## Task description
Set down, word for word, every line of the material below from the one containing "Millenia clip earrings" through the one containing "Silhouette, esténcil de", but none of its pictures.

## Data
-=-=-=-=-
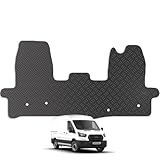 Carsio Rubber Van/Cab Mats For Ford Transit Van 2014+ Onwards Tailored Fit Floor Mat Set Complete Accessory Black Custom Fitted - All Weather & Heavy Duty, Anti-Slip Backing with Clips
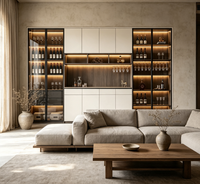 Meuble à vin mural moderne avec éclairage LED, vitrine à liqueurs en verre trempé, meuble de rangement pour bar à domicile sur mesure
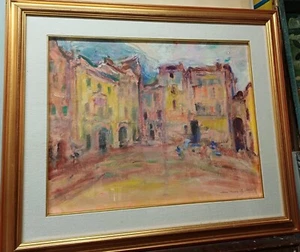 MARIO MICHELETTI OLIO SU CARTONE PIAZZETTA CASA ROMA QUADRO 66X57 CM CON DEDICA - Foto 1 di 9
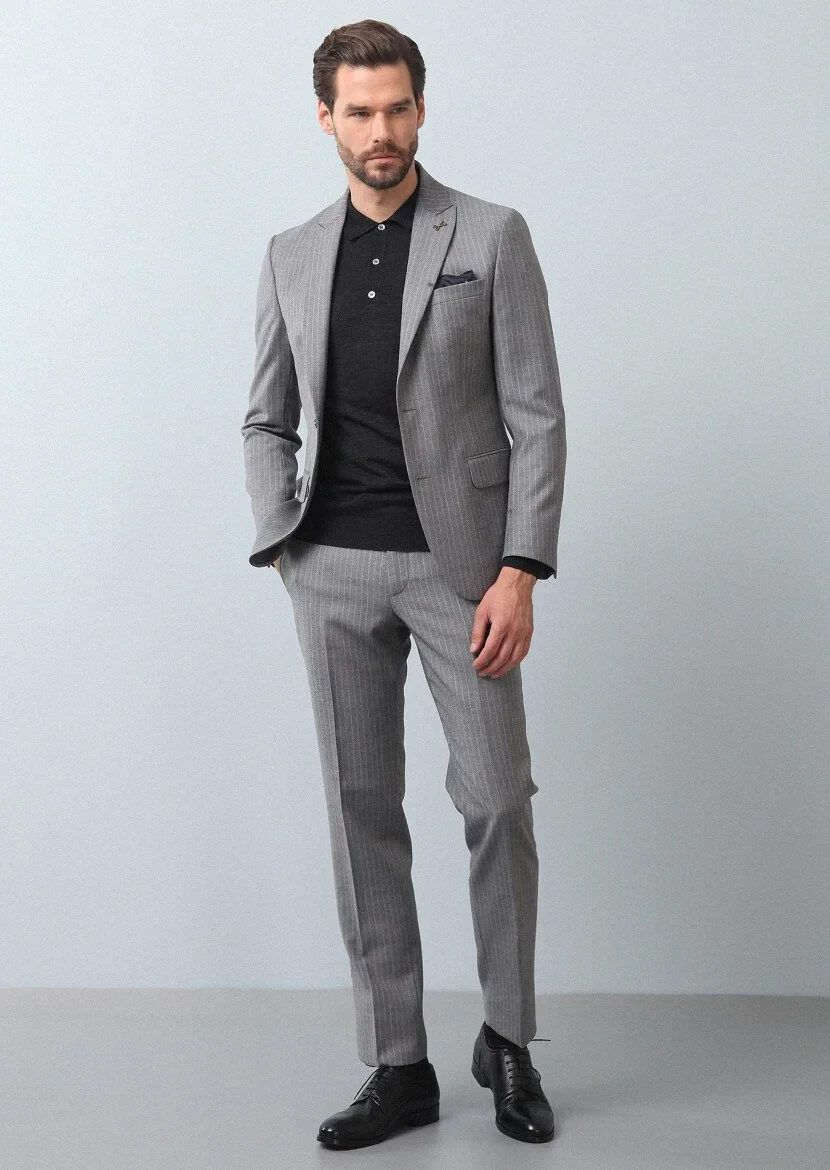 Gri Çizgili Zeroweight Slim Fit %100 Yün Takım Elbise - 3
-=-=-=-=-
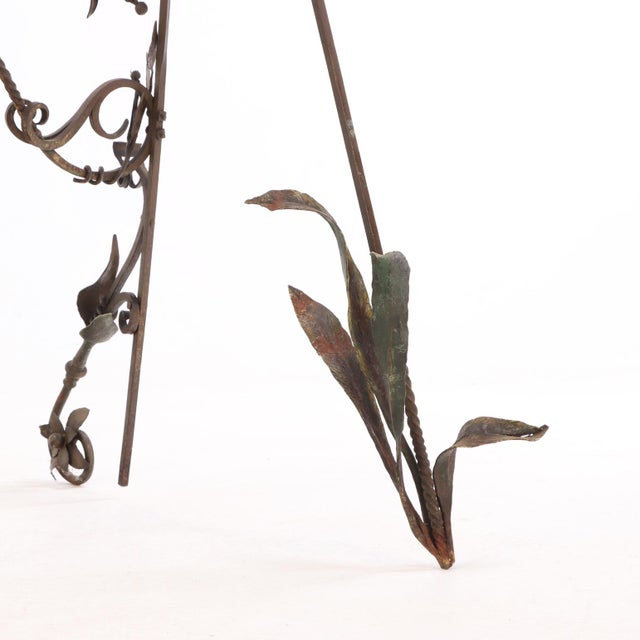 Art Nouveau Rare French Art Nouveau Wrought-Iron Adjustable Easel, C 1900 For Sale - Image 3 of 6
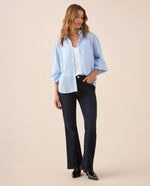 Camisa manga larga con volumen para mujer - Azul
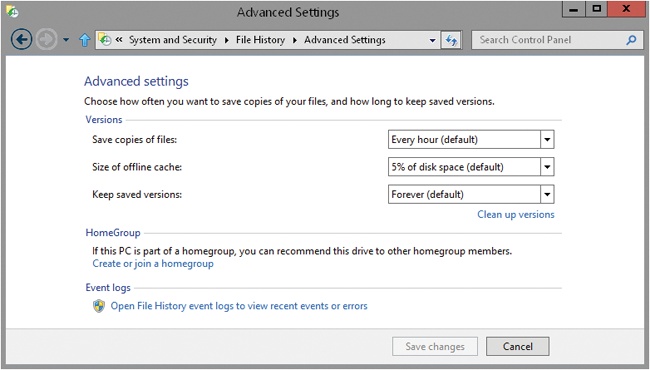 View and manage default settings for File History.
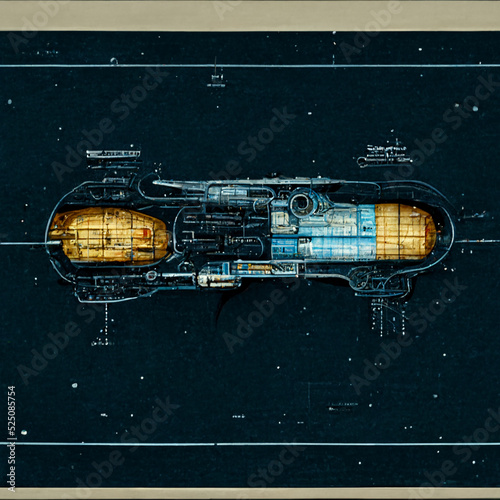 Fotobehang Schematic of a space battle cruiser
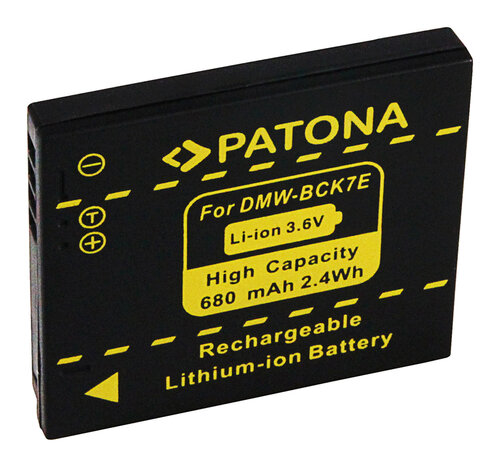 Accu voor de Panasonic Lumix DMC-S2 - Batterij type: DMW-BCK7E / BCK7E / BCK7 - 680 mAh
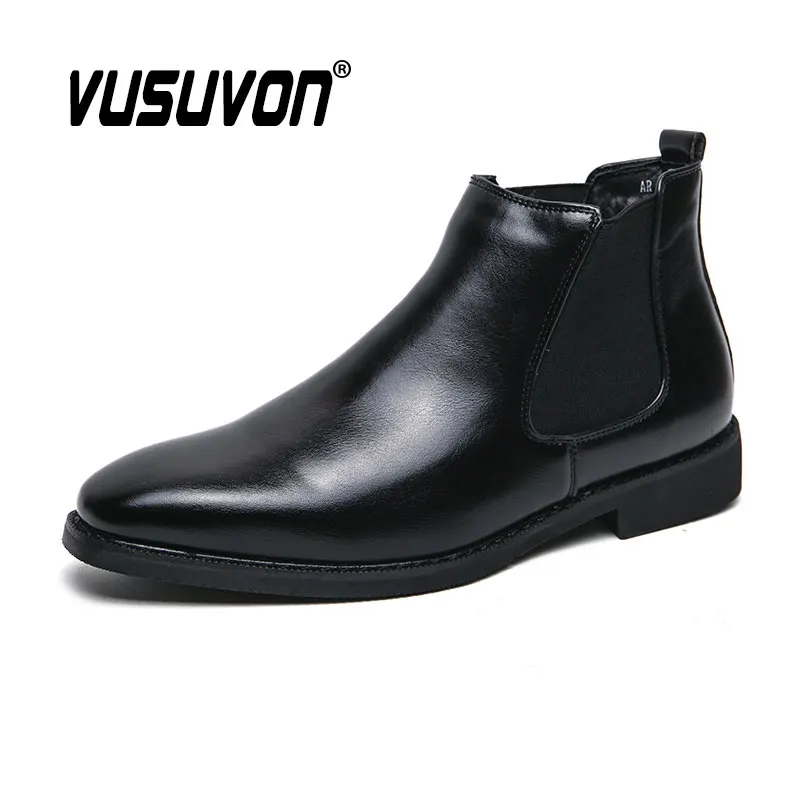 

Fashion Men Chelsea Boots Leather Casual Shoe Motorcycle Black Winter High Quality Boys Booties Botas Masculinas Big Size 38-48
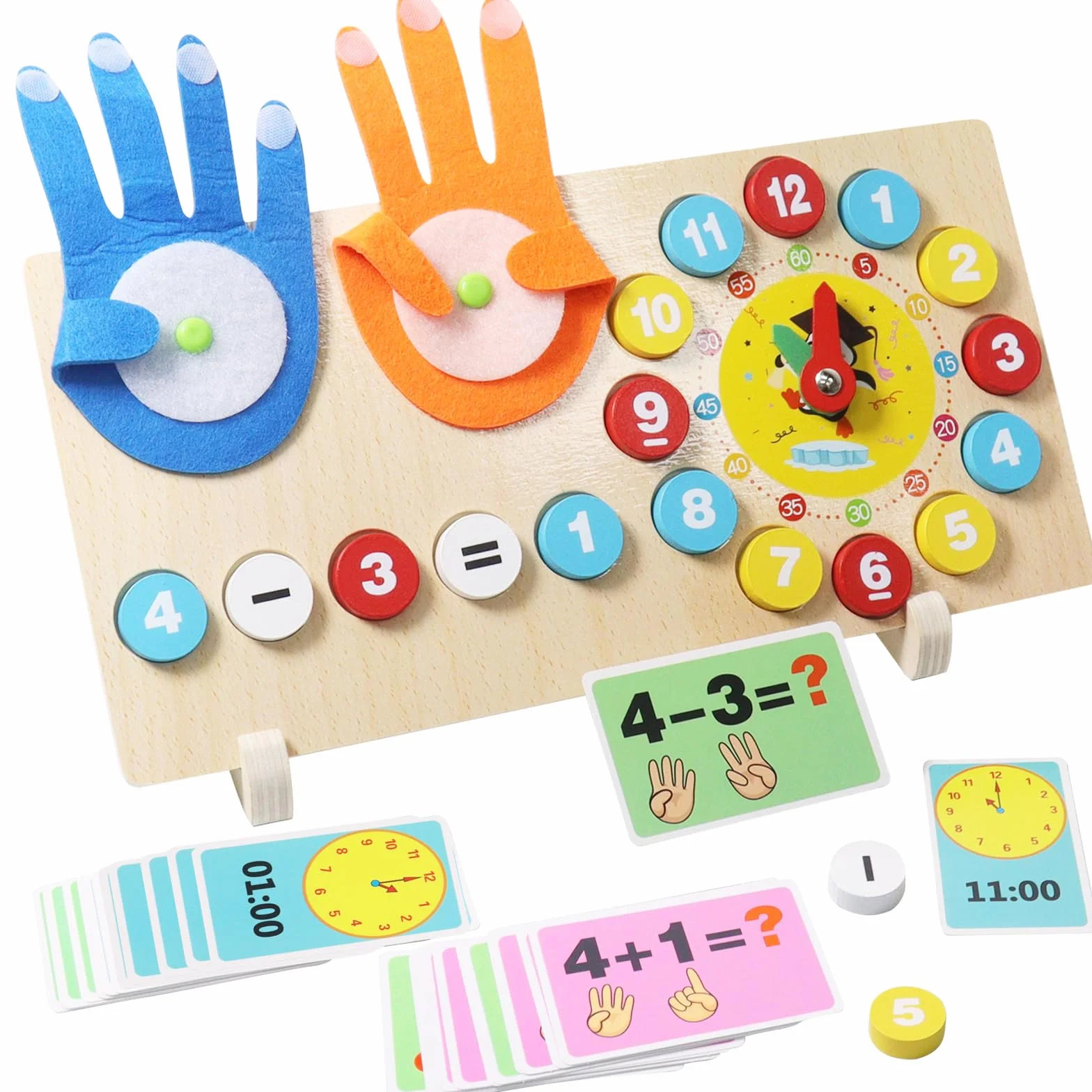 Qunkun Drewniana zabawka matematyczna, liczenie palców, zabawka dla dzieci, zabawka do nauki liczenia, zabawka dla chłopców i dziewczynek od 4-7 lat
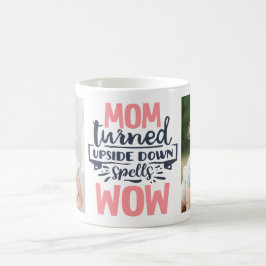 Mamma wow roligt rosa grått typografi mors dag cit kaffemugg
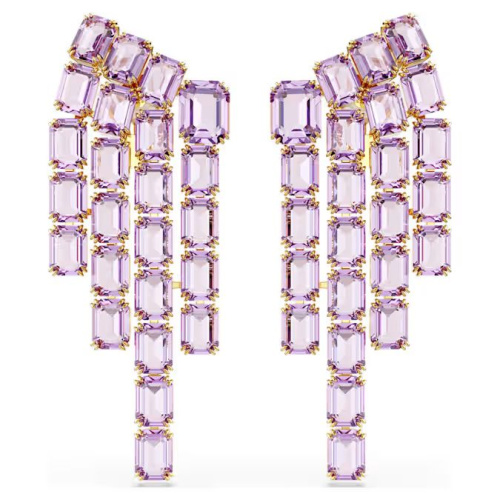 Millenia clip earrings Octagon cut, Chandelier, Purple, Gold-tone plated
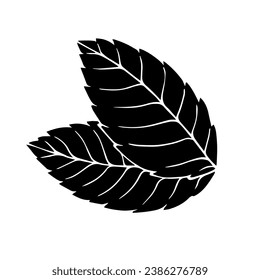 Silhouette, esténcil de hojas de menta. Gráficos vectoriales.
-=-=-=-=-
## Response area
 Millenia clip earrings Octagon cut, Chandelier, Purple, Gold-tone plated
 Silhouette, esténcil de hojas de menta. Gráficos vectoriales.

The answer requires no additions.